We always look for something interesting and want to make it interesting for ourselves, too. We’re all hardcore New Yorkers—particularly Steve and I. We want to learn, too, and don’t usually go to things we know really well. We try to go places we’ve heard of, people have recommended, that we don’t know. And that allows us to learn and really come into the project with a fresh pair of eyes.

Food is such an interesting part of culture, because it gets closer to the family, it gets closer to home. It gets to a lot of really interesting traditions, and that’s part of the neat thing about it, is really getting to explore New York. It’s more about the story as well. It’s also about the place and how we could document it. There’s lots of reasons why we decide where we’re going to go. And sometimes it’s a personal connection.

We wanted to cover soul food, as well as different types of ethnic food, so we went to Sylvia’s in the Bronx, Chinatown…a whole broad range of New York City restaurants to really capture all of it.

David Katzenstein did a piece on street signs, which was really a lot of fun, and the typography and the signs and everything that go with food. We featured hand-drawn and manufactured signs,

One of everybody’s favorite things about Dv4 was that within it, we had the lyrics to the Mister Softee ice cream song, which most people don’t even know are lyrics to the Mister Softee song. Everyone on the team knew it, because we hear it from Mister Softee ice cream trucks traveling all over the city. That was a huge hit.

 

Q | OTTO BRAND LAB

What are some factors you have to consider when photographing in NYC?

A | DAVID KOHLER

Sometimes danger, depending on where we were going, because some of these things happen in places that are not necessarily fit for photography. Respect is always important. People are really gracious when you respect them and you treat them properly.

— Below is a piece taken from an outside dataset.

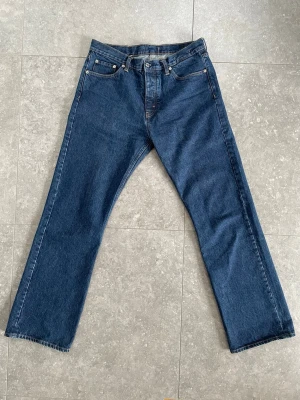 HOPE jeans - Mörkblå HOPE jeans med rak passform i storlek 31. Använda 2 gånger så iprincip helt nya. Nypris: 2100 kr, köpta på Aplace.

We usually go in very light, because we don’t know what to expect, but we know we’re going to have to be agile. These are usually photoshoots that we don’t get to scout, so we can’t take a ton of equipment with us. We also want to be prepared, so it’s really being smart about how we approach it and how we pack. We really have to be ready to adapt and shoot whatever there is to shoot. These aren’t staged productions, so what we encounter is what we document. We then have to figure out some way to put it into a cohesive theme, not just an arrangement, but we try to have a photographic theme as well.

Some photographers love it. Most do. On DV3, our good friend, Lorne Bridgman, who’s a fantastic photographer. He’s the kind of photographer that walks around with his hammer and chisel as if he was a sculptor and finds the perfect shot, and that’s the one he gets. When we took him out and we decided to wing it, he did the most incredible job, but he told me it was one of the most stressful nights of his life, and he really would rather not do it again. In the end, he took amazing photographs, to his credit. It’s not always everybody’s way of shooting. Some people like more control.

We have done still life photography. At times, we give the photographers a lot of room for their interpretations. There are some who will do it in a manner that suits their style more. A friend of ours is a close friend of David Burke. She arranged for David to have one of his chefs prepare every dish on the menu for us, and allow us to photograph them all for a super-long lunch. Sometimes it works out really wonderfully. Sometimes we’re in bizarre, different situations. That particular shoot was a wonderful one. But every one of them comes through, but we have to find connections into these places. Sometimes it’s a cold call; sometimes it’s somebody we know.

One of our photographers had a friend who owns a restaurant, who has a fish supplier, who basically got us in through his business, because you can’t just go into the Fulton Fish Market. He got us in.